- Sahur programının katılımcılarının masalarda oturması - İçişleri Bakanı Süleyman Soylu'nun konuşmasıİSTANBUL (AA) - İçişleri Bakanı Süleyman Soylu, "Ekonomik krizlerle siyasi krizlerle aynı zamanda yüksek faizlerle terörle anarşiyle ve bütün bunlarla birlikte terbiye edilmeye çalışılan, kendi kabuğunu kırmaması için çaba sarf edilen bir millet, bugün kabuğunu kırarak dünyaya kendi gücünün ne olduğunu, medeniyetinin kendisine ne emanet ettiğini ifade etmek istiyor." dedi.
Seçim çalışmaları kapsamında Gaziosmanpaşa'daki Recep Tayyip Erdoğan Gençlik Parkı'nda Kastamonulularla sahurda bir araya gelen Soylu, yıllardan beri bu milletin üzerinde oyunlar oynandığını ancak başarılı olunamadığını söyledi.
Medeniyetimizin ve tarihimizin bize yüklediği bir tutkunluk olduğunu anlatan Soylu, "15 Temmuz'dan önce gençlerimizle ilgili bize bir soru sorsalar genel olarak herkes şöyle söyler: 'Bu gençler ne tarafa gidiyor bilmiyoruz' derler.
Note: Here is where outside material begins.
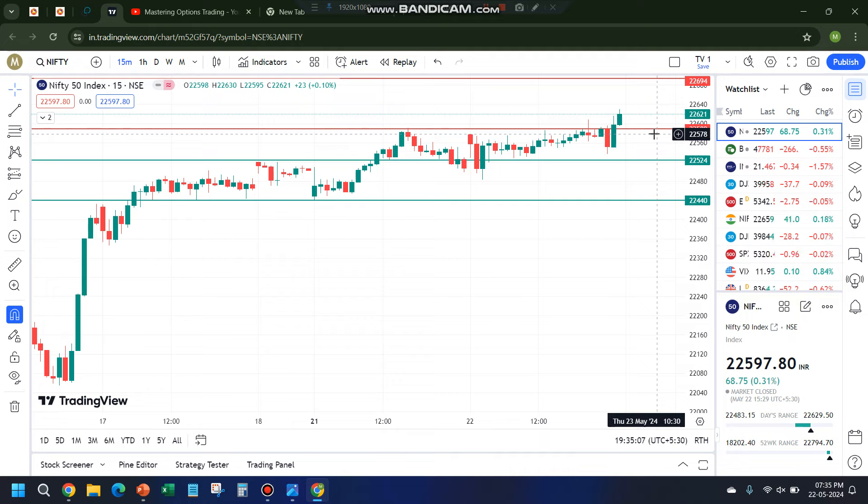For Bank Nifty, I'm keeping the levels more or less the same. 47,750 will act as the first support and resistance will come around 48,006. The next support will be around 47,564, and that will turn into a resistance area. Anything around 47,750, we will look for a bullish trade with a small stop loss — 47,660 is the level; anything below that will be the stop loss.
Ama 15 Temmuz gecesi, o gençlerin kahramanlıklarını hep birlikte gördük. Bir şeyi unutmuşuz aslında. Bu ülkede beş vakit ezanın okunduğunu unutmuşuzdur. O ezanın, gençlerimizi hangi iklime taşıdığını unutmuşuzdur. Annelerin, babaların onlara öğrettikleri, öğretmenlerin öğrettiklerini unutmuşuzdur. Biz böyle bir milletiz. Onun için üst üste darbeler yedik. Ekonomik krizlerle siyasi krizlerle aynı zamanda yüksek faizlerle terörle anarşiyle ve bütün bunlarla birlikte terbiye edilmeye çalışılan, kendi kabuğunu kırmaması için çaba sarf edilen bir millet, Allahımıza çok şükürler olsun ki bugün kabuğunu kırarak dünyaya kendi gücünün ne olduğunu, medeniyetinin kendisine ne emanet ettiğini ifade etmek istiyor." diye konuştu.
28 Şubat’ta herkese bir deli gömleği giydirilmeye çalışıldığını kaydeden Soylu, şöyle devam etti:‘’Kimimize irticacı dediler, kimimize Kürt, kimimize Türk, kimimize Alevi, kimimize Sünni, kimimize laik, kimimize antilaik diyerek hepimizi fişlediler. Bu ülke çok badirelerden, çok sıkıntılardan geçti. Hiç olmayacağını zannettiğimiz gecede biz 15 Temmuz'u birlikte yaşadık. Ve içinde bulunduğumuz sistem, her zaman krize açık bir sistem oldu. Ya hükümet düştü ya meclis. Ya meclis düştü ya hükümet zayıfladı. İkisi güçlü olduğu zamanlar da problem, ikisi güçsüz olduğu zamanlar da problem, birisi güçlü birisi güçsüz olduğu zaman da problem. Bir birinin işlerine sürekli karışan ve sürekli çatışma çıkaran bir sistemi hep beraber yaşadık. Bu darbe oluştu, zihnimiz hep iki darbenin arasında kaldı."Bakan Soylu, 7 Haziran'daki seçimlerde HDP'nin, 80 milletvekilinin üzerine çıkınca maskesini de çıkardığını belirten Soylu, "Yaktılar, yıktılar, birliğimize, geleceğimize, her biri oyun kurmaya başladı.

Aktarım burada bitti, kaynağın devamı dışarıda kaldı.